Francisco Brito disse…
Caro Amaro das Neves,

É sabido que, ao contrário do que se costuma afirmar, as Nicolinas tem sofrido diversas mudanças. Contudo, o facto de não sabermos a origem de alguns números, a sua antiguidade e de desconhecermos outros aspectos não invalida que as Festas de S. Nicolau possam ser Património Oral e Imaterial da Humanidade. Isto porque, na verdade, as festas cumprem muitos dos requisitos necessários a esta “distinção”. As Festas de S. Nicolau contêm aspectos relacionados com práticas sociais, rituais e eventos festivos (http://www.unesco.org/culture/ich/index.php?lg=en&pg=00055)que se enquadram no que é pedido pela UNESCO para o POIH. Temos o pregão, as posses (?) e as cerimónias religiosas como alicerces da tradição. E depois temos outros números que não devemos menosprezar, como as maçãzinhas (que já era considerado um número tradicional em 1850), as representações teatrais, etc. E ainda temos o Pinheiro, o número mais popular das nicolinas. Não sendo um dos números mais antigos, de onde vem a tradição de erguer um pinheiro nesta altura do ano?
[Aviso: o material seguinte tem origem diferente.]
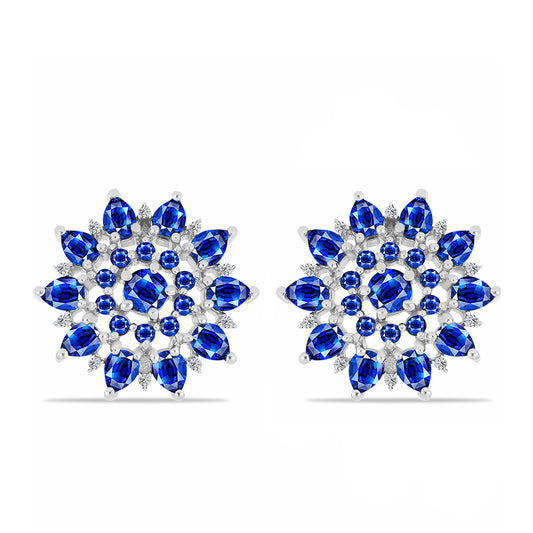 Stříbrné Náušnice s Australským Modrým Safírem a Bílým Topazem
E a música, de onde vem um ritmo que se ouve por vezes nas aldeias vizinhas e até fora de Guimarães?

Faltam estudos, é verdade. Sabemos que o S. Nicolau já era celebrado nas Universidades Portuguesas desde o século XVI. Será que esse culto passou a Guimarães e que Guimarães foi a única “academia” que o manteve?

O que sabemos hoje sobre as festas de S. Nicolau em Guimarães é que remontam ao século XVII. Mantiveram-se algumas tradições e adulteraram-se outras. O que é certo é que as festas conseguem, com os seus vários números, não só dar continuidade a uma tradição com vários séculos (festas dos estudantes) mas também incluir nessas festas uma serie de tradições da nossa região cuja origem se perde no tempo…

Um abraço

Francisco
Meu caro Francisco,

Confesso que já fui mais céptico quanto à possibilidade das Nicolas virem, um dia, provavelmente não tão próximo quanto há uns anos se esperaria, a integrar a lista de património oral e imaterial da UNESCO. E, o facto de não conhecermos bem a sua história em todos os seus pormenores não será obstáculo ao sucesso de uma candidatura: as nicolinas não serão escolhidas por aquilo que foram, mas sim por aquilo que são (ou, melhor, pelo que forem no momento da aprovação da candidatura).

Daquilo que referes, há um aspecto importante que ainda está mal trabalhado: o dos estudos comparados, nomeadamente com as tradições de S. Nicolau que existiram (muitas delas ainda persistem) por essa Europa afora. É que nos tempos centrado tanto na ideia da originalidade das nicolinas que descuramos as afinidades que as festas dos estudantes de Guimarães têm com tantas outras tradições dentro e fora do nosso país.